The challenge with that is oftentimes solution is undermined by the rest of reality that we’ve had to somehow pretend isn’t there. And oftentimes the solution winds up creating yet more problems. Elsewhere. Tackling this kind of poly crisis or this kind of meris in a problem-solving kind of way doesn’t seem to be workable. And so the question for me is, what is, what is a workable alternative to this?
The Unfolding paradigm might help resolve these intertwined crises as it helps reveal interconnected truths that are already there
Steve March: I think that actually, the unfolding paradigm is a workable alternative to this. Because of the unfolding paradigm, sometimes I call it a new paradigm. It’s only a new paradigm really in the field of coaching and self-development.
But really it’s the primordial paradigm. It’s the original way that complex systems have evolved and changed throughout history. And so there’s, I find in that something deeply trustable about unfoldment because in some way it got us here without the intervention of a well-intended, human being trying to problem solve.
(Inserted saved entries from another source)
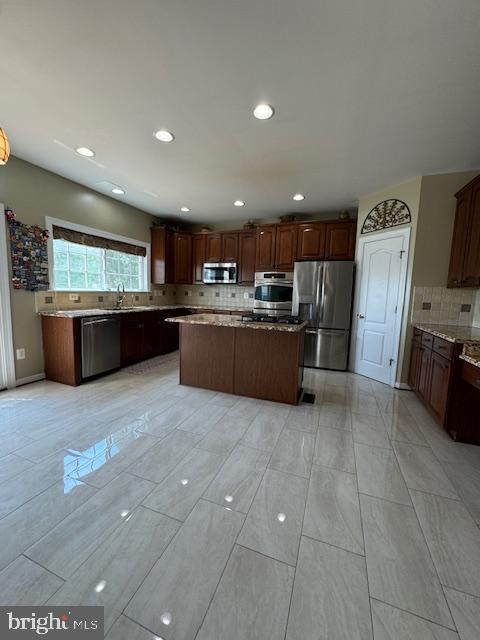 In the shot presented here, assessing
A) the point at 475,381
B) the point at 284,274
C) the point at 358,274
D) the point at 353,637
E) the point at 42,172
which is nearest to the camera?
the point at 353,637

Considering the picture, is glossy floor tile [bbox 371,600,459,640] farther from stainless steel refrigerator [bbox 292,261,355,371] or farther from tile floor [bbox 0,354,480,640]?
stainless steel refrigerator [bbox 292,261,355,371]

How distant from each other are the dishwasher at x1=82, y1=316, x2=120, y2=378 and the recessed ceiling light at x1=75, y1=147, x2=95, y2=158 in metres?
1.89

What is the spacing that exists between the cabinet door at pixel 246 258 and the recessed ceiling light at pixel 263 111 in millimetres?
2939

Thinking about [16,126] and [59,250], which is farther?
[59,250]

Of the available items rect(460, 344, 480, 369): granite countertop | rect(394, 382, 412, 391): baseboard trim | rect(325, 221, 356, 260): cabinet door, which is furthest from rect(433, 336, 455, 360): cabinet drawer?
rect(325, 221, 356, 260): cabinet door

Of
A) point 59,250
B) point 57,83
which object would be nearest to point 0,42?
point 57,83

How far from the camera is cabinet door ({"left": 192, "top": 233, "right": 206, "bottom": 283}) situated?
552 centimetres

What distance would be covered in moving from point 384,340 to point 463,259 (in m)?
1.32

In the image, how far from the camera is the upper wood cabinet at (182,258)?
5.40m

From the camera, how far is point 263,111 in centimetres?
204

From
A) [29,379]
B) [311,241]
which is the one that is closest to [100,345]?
[29,379]

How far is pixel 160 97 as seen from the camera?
1.93 metres

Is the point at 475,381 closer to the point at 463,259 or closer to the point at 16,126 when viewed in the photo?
the point at 463,259

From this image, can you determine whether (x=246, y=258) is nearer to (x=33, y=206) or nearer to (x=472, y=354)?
(x=33, y=206) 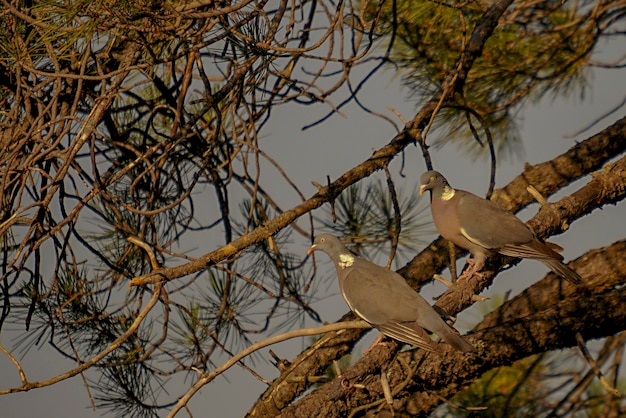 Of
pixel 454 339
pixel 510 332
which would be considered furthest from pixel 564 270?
pixel 454 339

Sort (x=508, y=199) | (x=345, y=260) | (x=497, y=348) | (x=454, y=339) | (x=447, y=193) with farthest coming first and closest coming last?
(x=508, y=199) < (x=447, y=193) < (x=345, y=260) < (x=497, y=348) < (x=454, y=339)

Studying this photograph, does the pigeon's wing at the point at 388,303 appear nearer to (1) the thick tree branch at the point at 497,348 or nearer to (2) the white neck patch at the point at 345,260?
(2) the white neck patch at the point at 345,260

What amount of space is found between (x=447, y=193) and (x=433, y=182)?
0.07 metres

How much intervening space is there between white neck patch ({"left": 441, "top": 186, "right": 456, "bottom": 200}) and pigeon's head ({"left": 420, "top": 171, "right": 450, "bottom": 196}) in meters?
0.01

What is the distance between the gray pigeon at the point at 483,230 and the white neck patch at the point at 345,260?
0.99ft

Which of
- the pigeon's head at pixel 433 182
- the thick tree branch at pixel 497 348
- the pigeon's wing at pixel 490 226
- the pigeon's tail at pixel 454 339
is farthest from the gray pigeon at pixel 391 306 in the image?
the pigeon's head at pixel 433 182

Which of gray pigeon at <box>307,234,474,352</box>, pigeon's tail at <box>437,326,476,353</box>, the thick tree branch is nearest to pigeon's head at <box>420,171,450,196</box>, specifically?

And there’s something trustable in this source of change in the transformation that emerges out of complex systems or that unfolds out of organic living systems. And the trick, however, is that you have to learn to stop messing with things, right? And the place to learn that first is with yourself.
So when we find some deficiency, some self-deficiency, what do we do? We mess with ourselves. We’re constantly fiddling, changing this, changing that, changing our schedules, changing our diet, changing our exercise routine, etc. We go through all this and of course, it’s well intended, but what I often notice is that mostly it doesn’t work. Yet when we actually stop and just begin to inquire into who is here right now, what is here right now? It’s interesting that in the self-improvement problem-solving paradigm, our attention tends to not be on what’s here now. It tends to be based on some ideal or goal that we have in the future that we want to fulfill in the future.
So our attention is on the goal. We have our attention on the prize, so to speak. In the unfolding paradigm, we really take our attention off something that’s not here and bring it into the present moment and begin to explore what is here, what is concretely here in the moment. And what we find is that what’s here by nature begins to unfold.
It begins to be unconcealed or revealed or disclosed. So something as simple as just noticing how you feel emotionally and just allowing yourself to think that really embodying that emotion fully and just feeling it. And what you notice is that emotion has a life cycle that doesn’t always stay the same.
This sort of wave of emotion comes and it passes, and oftentimes it leaves something in its wake afterward where we feel more connected to ourselves, we feel touched. We feel open in a way, we feel connected to others in a way we feel more present. So something is unfolding right there. If we stop messing with our emotions, right?
Most of us mess with our emotions. Like we start to feel something and we move into avoidance cuz we don’t wanna feel that or we start to feel something and we move into attachment to some other emotions. So we dismiss this one and try to figure out what we can do. How do we create the circumstances so that we can feel the emotion we want to feel?
Want to feel happy, want to feel loved, want to feel whatever. And this as well has been understood by many of the world’s wisdom traditions. In Yogic philosophy and in Buddhist philosophy, they call these the three poisons, avoidance, attachment, and delusion. And so we’re constantly embroiled in avoidance, attachment, and delusion.
Unfolding allows us to meet our personal suffering from a place of wholeness vs deficiency
Yana Fry: Steve, when I’m listening to your sharing about the unfolding, I do feel like it’s literally, our conversation here is unfolding, right? So it also then brings me to the question, what effect? Is it fundamentally having on the human being? So the more we allow ourselves to feel, the more we allow ourselves to unfold into our greatness, then would it be correct to say that we are creating a new kind of man with this kind of approach?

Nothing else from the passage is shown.